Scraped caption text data
——
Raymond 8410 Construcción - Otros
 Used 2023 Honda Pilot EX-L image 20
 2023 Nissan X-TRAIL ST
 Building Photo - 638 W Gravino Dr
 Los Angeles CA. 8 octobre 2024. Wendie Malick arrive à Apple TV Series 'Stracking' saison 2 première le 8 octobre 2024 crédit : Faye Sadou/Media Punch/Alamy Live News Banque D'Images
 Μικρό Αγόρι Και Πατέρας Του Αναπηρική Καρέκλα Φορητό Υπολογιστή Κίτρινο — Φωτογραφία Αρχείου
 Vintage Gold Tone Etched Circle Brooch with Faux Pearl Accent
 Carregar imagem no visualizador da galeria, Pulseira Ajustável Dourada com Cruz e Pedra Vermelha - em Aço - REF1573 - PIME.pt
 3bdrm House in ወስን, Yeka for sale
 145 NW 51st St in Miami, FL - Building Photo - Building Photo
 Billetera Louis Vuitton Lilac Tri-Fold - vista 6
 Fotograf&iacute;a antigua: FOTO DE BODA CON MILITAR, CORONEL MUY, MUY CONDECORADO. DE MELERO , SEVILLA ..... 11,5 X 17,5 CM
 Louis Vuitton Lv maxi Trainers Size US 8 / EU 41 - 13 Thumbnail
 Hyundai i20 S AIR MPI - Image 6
——
> _TASK DIRECTIONS_
An exact copy of the lines above, from the one containing "Carregar imagem no" through the one containing "Billetera Louis Vuitton", is the whole of the answer.

> _REPLY TO THE TASK_
 Carregar imagem no visualizador da galeria, Pulseira Ajustável Dourada com Cruz e Pedra Vermelha - em Aço - REF1573 - PIME.pt
 3bdrm House in ወስን, Yeka for sale
 145 NW 51st St in Miami, FL - Building Photo - Building Photo
 Billetera Louis Vuitton Lilac Tri-Fold - vista 6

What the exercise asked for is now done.